DATA FOR THIS TASK ->

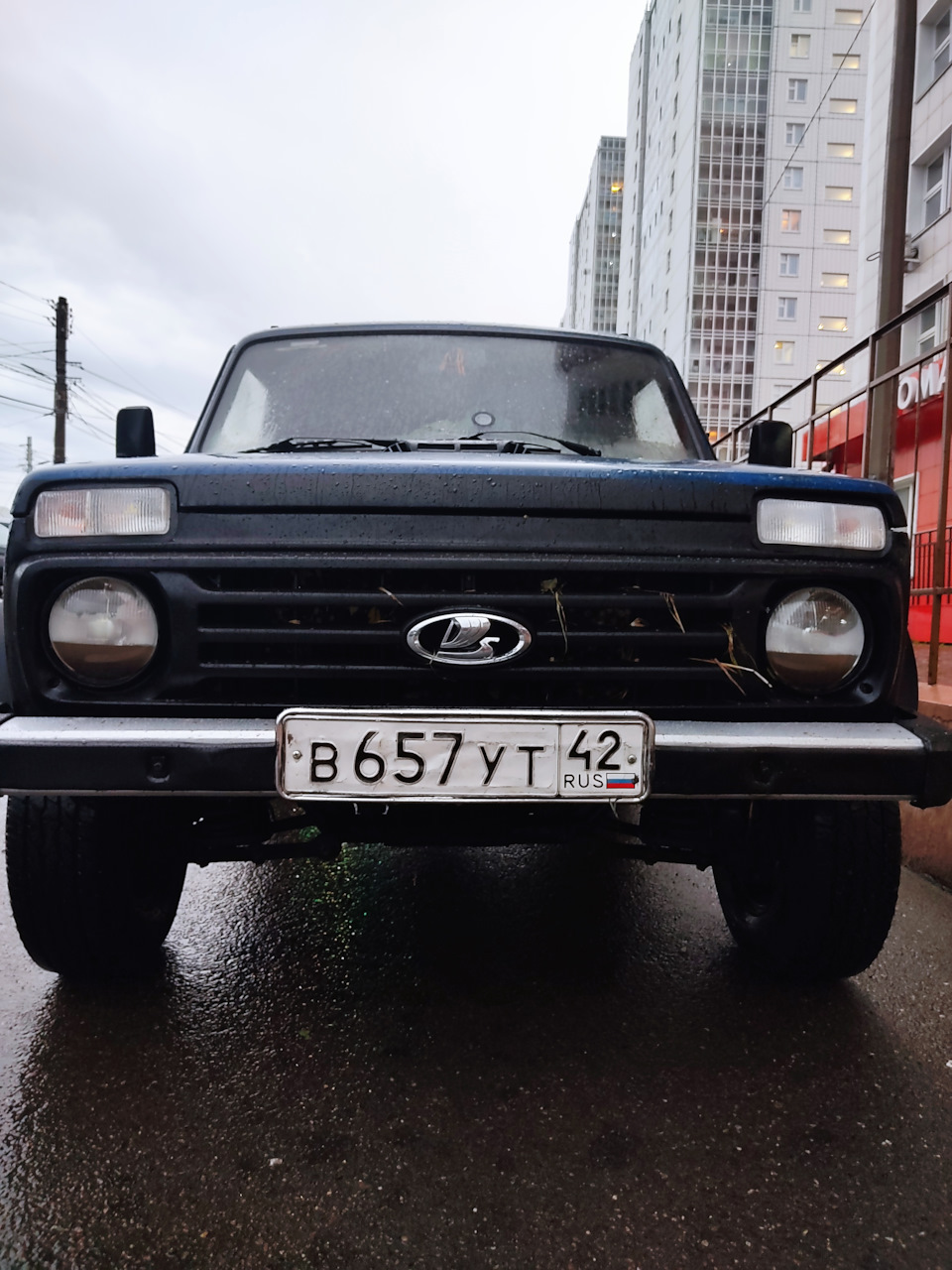 20.06.2021 Красноярск тонул после дождя — Lada 4x4 3D, 1,7 л, 2000 года |  прикол | DRIVE2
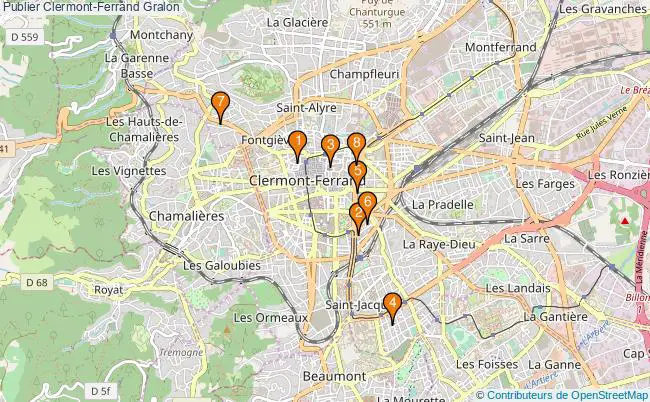 plan Publier Clermont-Ferrand Associations Publier Clermont-Ferrand : 9 associations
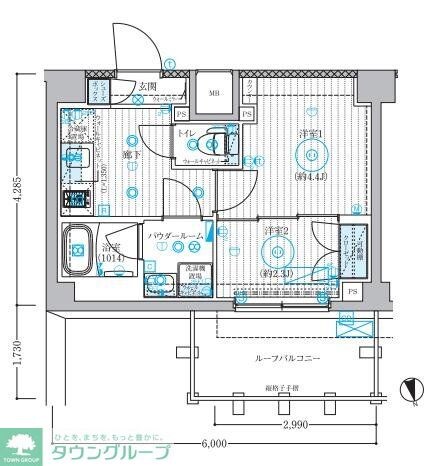 ブライズ宮崎台の物件間取画像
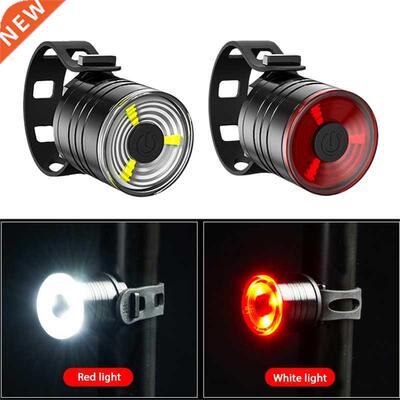 New Bike TB Light buttonbattery chargeable Cycling Helet H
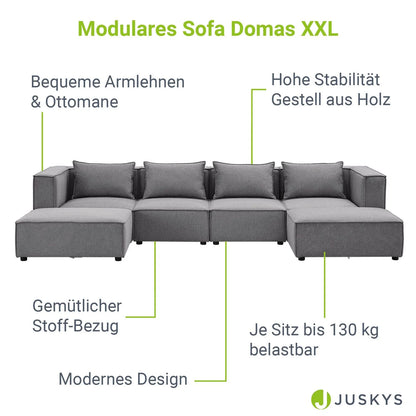 2025 Sofá modular Domas XXL – salón modulable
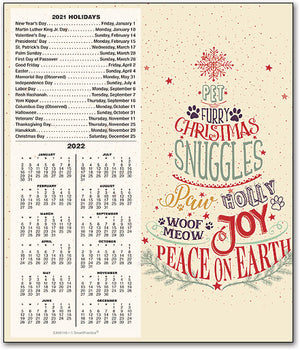 Yuletide Greetings Tear Off Calendar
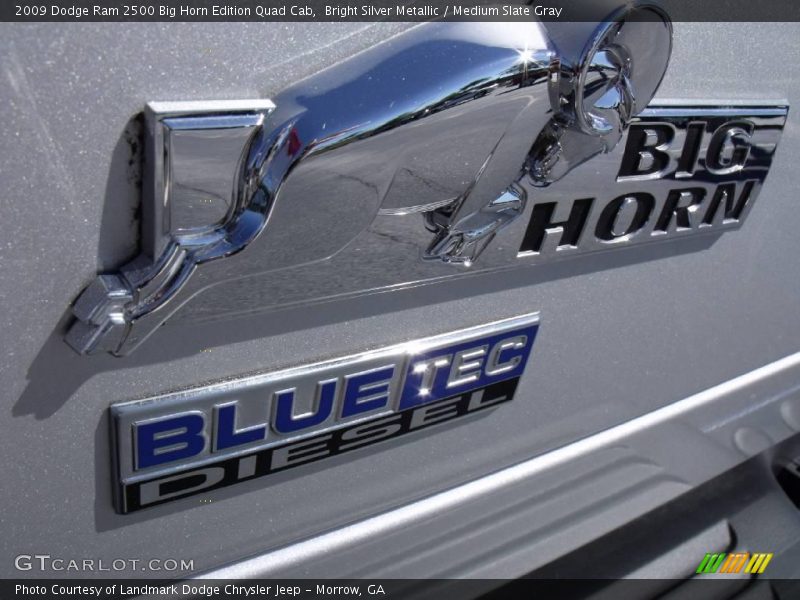 Bright Silver Metallic / Medium Slate Gray 2009 Dodge Ram 2500 Big Horn Edition Quad Cab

WORK TASK -> In your copy, include no pictures, but set down every record exactly.

ANSWER BOX ->
 20.06.2021 Красноярск тонул после дождя — Lada 4x4 3D, 1,7 л, 2000 года |  прикол | DRIVE2
 plan Publier Clermont-Ferrand Associations Publier Clermont-Ferrand : 9 associations
 ブライズ宮崎台の物件間取画像
 New Bike TB Light buttonbattery chargeable Cycling Helet H
 2025 Sofá modular Domas XXL – salón modulable
 Yuletide Greetings Tear Off Calendar
 Bright Silver Metallic / Medium Slate Gray 2009 Dodge Ram 2500 Big Horn Edition Quad Cab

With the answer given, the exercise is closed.